Labour has also shed the likes of Burnley, Cannock Chase and The Wirral, breaking the seal on a long-term trend that means that where you live is now less important than region, age and culture. The Northern Labour vote, once so high that you only had to weigh the ballot papers, not count them, has for years been cracking under the long-term weight of employment patterns. It is now split fully apart by the fulcrum of Brexit.
The Electoral Cycle always has a magical aura to political insiders, even though it might not apply to our post-2016 world – but historically, any party that went on to form a government has first made huge gains at midterm local elections.
In 2008, David Cameron won 44 percent of the vote, to Labour’s 22. In 1995, Tony Blair won 1,807 new councillors, on a 47 percent vote share. Even Neil Kinnock, whose greatest claim to fame was as Europe’s longest-serving opposition leader, would regularly chalk up big gains in the locals against Mrs Thatcher.
What we have instead is trench warfare, a grim stalemate, in which the two major parties increasingly look like they have more in common with each other than with the voters.
Labour’s policy of constructive ambiguity has brought ambiguous results. Voters might not be tracking the twists and turns line-by-line, but they’ve sniffed out enough about Corbyn’s Brexit position to understand that something’s off. The problem with telling Leave voters you’re Leave and Remain voters that you’re Remain is that, once they work out the code, they’ll never trust you again.
In Sunderland, council leader Graeme Miller said Labour had paid a heavy price for the town’s MPs’ calls for a second referendum. "I lost ten councillors tonight because of that Brexit message,” he said.
Meanwhile, Houghton & Sunderland South MP, Bridget Phillipson, was just at that moment sliding into journalists’ inboxes, courtesy of a “People’s Vote” press release, calling it completely the other way: “[These results show that] the majority of Labour voters now want a People’s Vote… I fear Labour’s position has been too hesitant.”

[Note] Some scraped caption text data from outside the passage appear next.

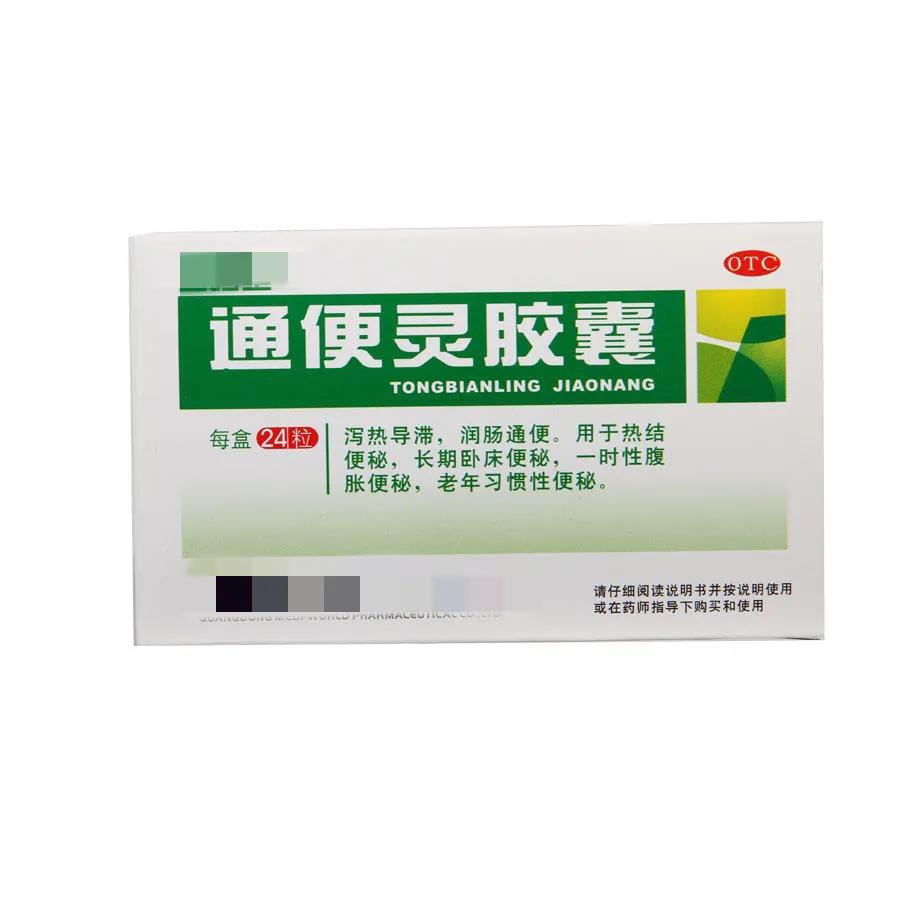 便秘吃什么藥（常見潤腸通便類藥匯總大全）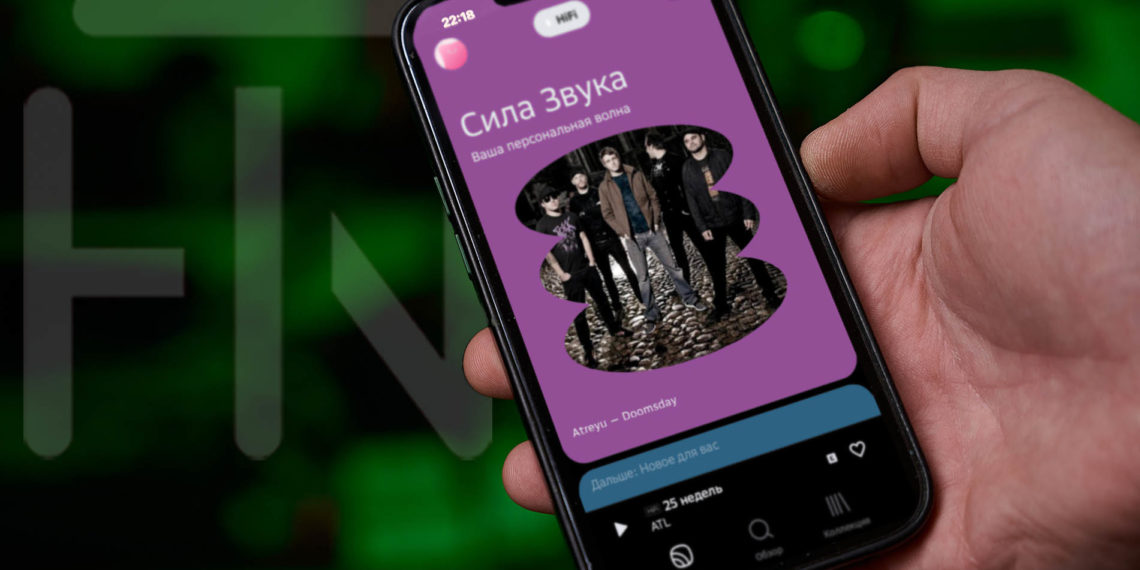 Сбер запустил стриминг-сервис Звук. Большой тест от HTNews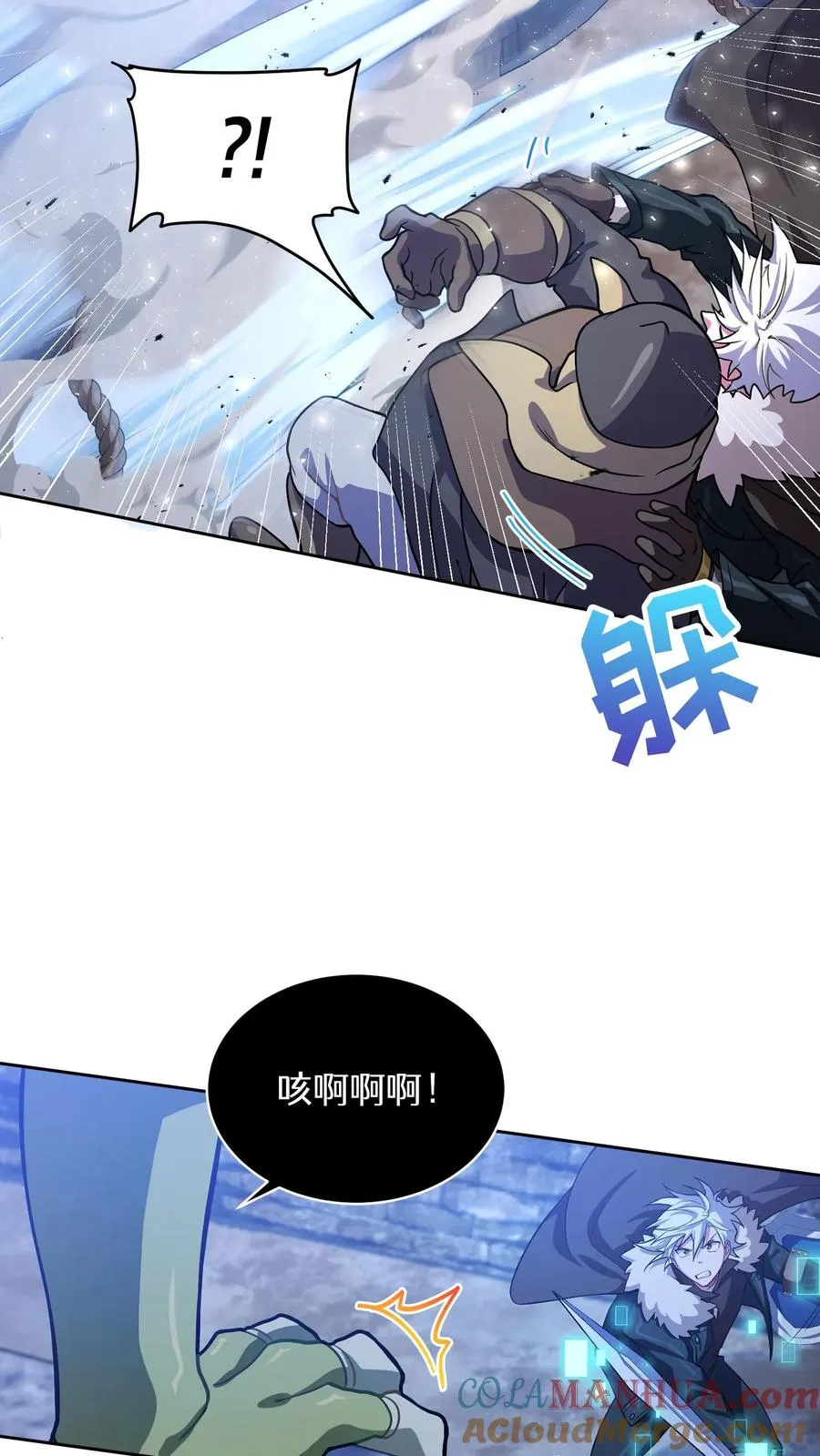 48. 口袋厨房 第52页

If you can’t make big gains against a government who make Gavin Williamson – a man who kept a tarantula called Cronus on his desk – a Secretary of State, then who can you win against?
Not Nigel Farage, now coming for those fatally wounded northern seats in three weeks's time. Perhaps Nigel will even draw succour from the fact that UKIP’s ongoing implosion frees up the decks for him.
In Sunderland, UKIP managed to gain three seats, but elsewhere its results have been dismal. It has lost 54 seats as of writing, but retained only 17. After staving off bankruptcy last year and mass resignations in the wake of Nigel’s departure, the party is in such dire straits that they only managed to contest 16 percent of available seats this time around, as opposed to 40 percent in 2014.
This morning, Conservative minister Brandon Lewis was touring the news studios, wiping off the blood with blandishments about how "the message is that the voters want us to get on in these negotiations with Labour". Just behind him, Labour’s John McDonnell was tweeting: “So far message from local elections: ‘Brexit – sort it.’ Message received.” Check your message settings please, gentlemen: they’re completely wrong. At this point voters just want you both to dig a hole and jump in it. In just under a month, they’ll have a few more weapons at their disposal to dig the hole for you.
And don’t think that coming to an agreement on a Customs Union gets you out of that either. That would sell out Brexit voters while simultaneously going through with a Brexit, albeit a pointless one. It would be the final grand act of mutual self-mutilation.
There would at least be something quite poetic in it – Labour and the Tories, agreeing to stab each other in a death-clinch last stand, in the name of selling out most of their respective voters. Hell, at this point, it might even be The Decent Thing – the very least they could do to make it up to us.